No primeiro dia de férias o despertador, finalmente em descanso, permitiu deixar o sono correr, sem pressa de acabar…
Os olhos abrem lentamente e vagueiam pelo quarto numa visão nova, como se aquela casa fosse um estranho acabado de chegar:
No tecto de madeira clara, passeando, silhuetas toscas de reis e rainhas em jogos de sedução em direcção ao palácio de cristal;
Junto da cama, a mesinha de cabeceira transparece em mil e um buracos abertos ao longo do ano por minúsculos animais, que hoje resolveram roer soltando decibéis, atordoando o ar e abanando partículas suspensas de uma teia de aranha, onde duas moscas se debatem em duelos inglórios;
Pela porta entreaberta do armário espreitam modelos retro, tamanho XL, ombros descaídos, atitude aborrecida e, na gaveta do fundo, um pêlo eriçado de raposa tenta fugir assustado de uma multidão de meias, cuecas e lenços de assoar;
Gemidos abafados vindos da escada, atravessam o corredor exalando um odor algo bolorento: sapatos de Inverno e algumas pantufas deformadas, abraçam as galochas vermelhas, numa mistura caótica, agonizante, soterradas por sapatilhas de marca, sapatos de verniz e aquelas botas de cabedal castanho usadas em tempos na subida a Monsanto.
Na escrivaninha, pilhas de CD escorrem fotos do ano anterior, misturando paisagens com panfletos publicitários que anunciam o último grito em lingerie feminina.
O peitoril da janela entorna em câmara lenta, restos de incenso no tapete cinzento, abrindo crateras incandescentes que volatilizam e sobem num ápice até à cama, fazendo-me subitamente saltar daquele mundo esquisito, entre altos gritos e algumas gargalhadas.

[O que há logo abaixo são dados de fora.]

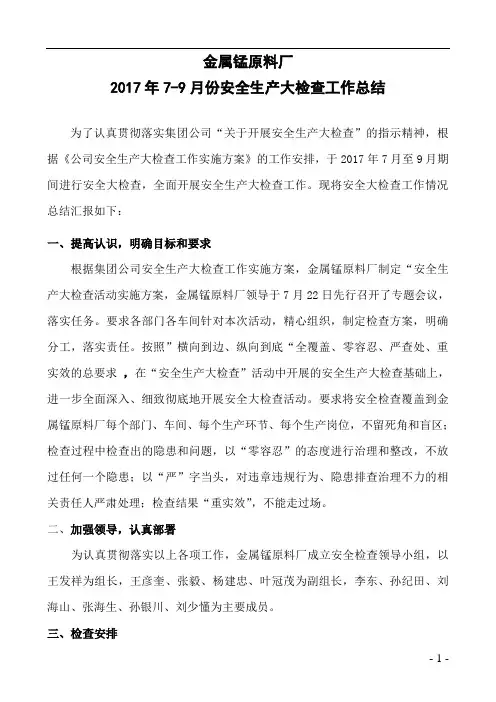 安全生产大检查工作总结 3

Eram crianças vizinhas, que na calçada corriam no seu primeiro dia de liberdade e que me arrancavam assim, daquela série de quadros de um surrealismo surpreendente e me deixavam finalmente acordar.
Teriam estas visões, alguma coisa a ver com a minha visita à exposição de Coimbra* na semana passada?
Independentemente dessa relação, eu, que sempre gostei de decoração moderna e até minimalista, vejo-me agora no primeiro dia de férias ansiando a chegada do final do ano, para numa velha tradição inglesa atirar pela janela este sem número de confusões e talvez retomar aí o equilíbrio das paredes.
Vou começar mas é já e pôr mãos à obra com vassoura, pá e imensos sacos para o lixo.
Mas, inexplicavelmente, começo a sentir saudades da luz bruxuleante do candeeiro no meio da sala, daquele jarrão antigo meio esbocelado, do meu modelito florido e até das meias de liga super chiques que rompi naquela noite ao sair do carro. E a cristaleira onde guardo chinesices, que fica tão bem junto ao fogão? Com uma demão de verniz ficará como nova.
Chega de emoções! Preciso sentar-me no sofá, tomar um café, desfolhar alguns catálogos e talvez opte por recomeçar ainda hoje, num actualíssimo estilo Vintage!